Contemporary Progress in the Hybrid Coating of Titanium Alloys using the Liquid Additive Manufacturing Technique
DOI:
https://doi.org/10.37934/aram.113.1.108117Keywords:
Titanium Alloys, hybrid coating, liquid additive manufacturing, wear resistanceAbstract
This paper presents a review of the contemporary advancements in hybrid coating applications on titanium alloys using the liquid additive manufacturing technique. Hybrid coatings represent highly functional coatings with very good hardness, wear resistance, and adhesion properties with other tailored properties for the application of aerospace, automotive, construction, and maritime industries. Within this review, a comprehensive study of the foundational principles governing hybrid coatings is highlighted with the key aspects of the selection of metallic substrates, diverse coating methods, and the characterization of coatings. A perceptive segmentation of the merits and demerits attendant to diverse surface coating processes such as liquid additive manufacturing, sol-gel deposition, laser beam techniques, thermal spraying, and micro-arc oxidation are analyzed.
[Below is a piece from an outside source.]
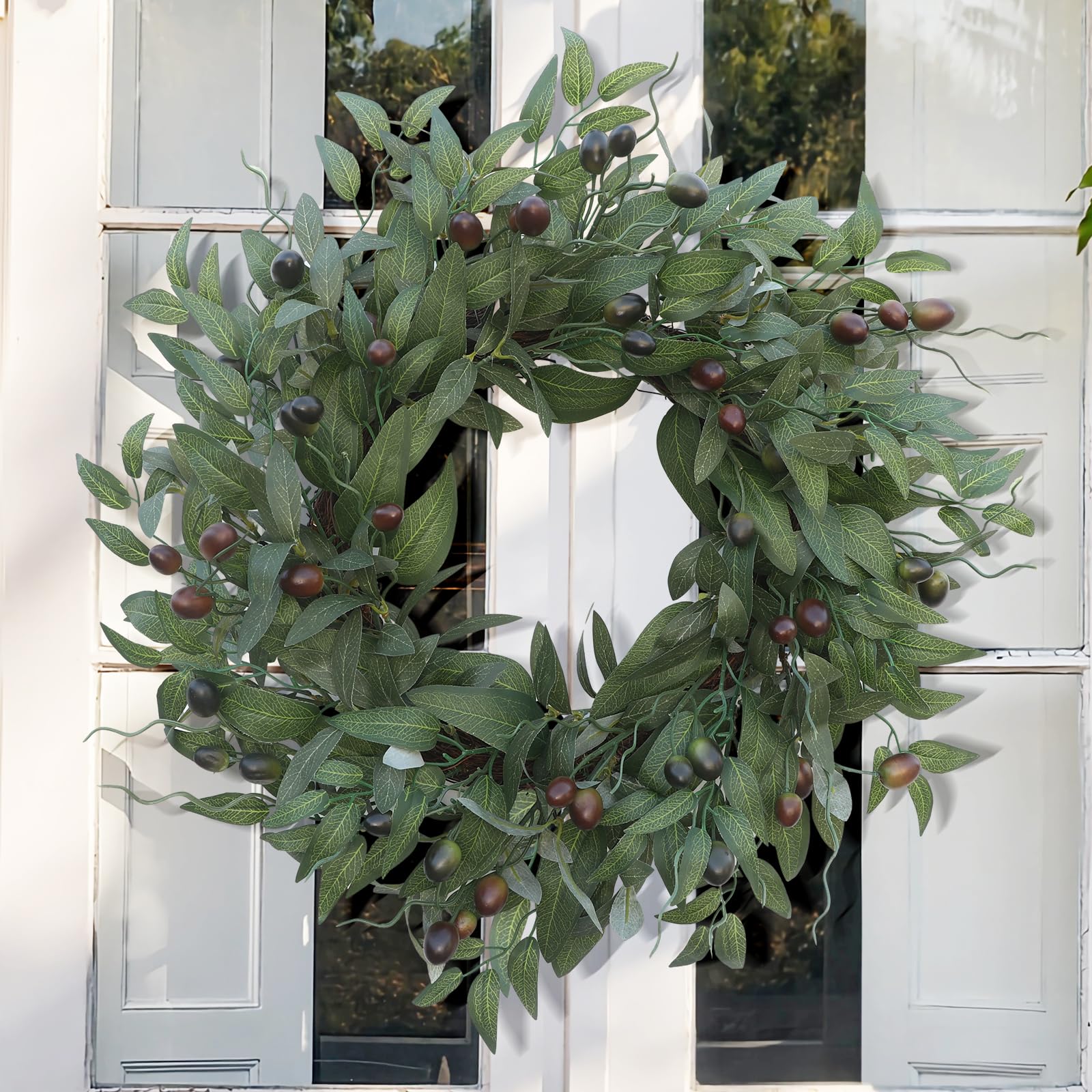 BHHDA berry detail emphasizing natural-looking accents and texture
Based on the literature review, it can be found that TIG torch LAM technology, appears as an encouragement rendering itself both cost-effective and ecologically sustainable, this methodology not only bequeaths a meticulous control over the mantle of coating thickness and composition but also bestows upon the resultant hybrid coatings an enhanced morphology and hardness, particularly within the realm of titanium alloys. Therefore, evident is the prospect of a transformative trajectory, wherein the higher costs associated with a laser beam, liquid deposition, and sol-gel techniques are supplanted by the greener, more sustainable embrace of liquid additive manufacturing. The hybrid coating on commercial purity titanium showed that hybrid coating enhances hardness value by a factor of three to fourfold accompanied by the development of a new microstructure. In conclusion, this paper explains the reflective impact of hybrid coatings and stresses the potential of TIG torch LAM technology in advancing the field of surface engineering, particularly in the context of hybrid coating on titanium alloy materials.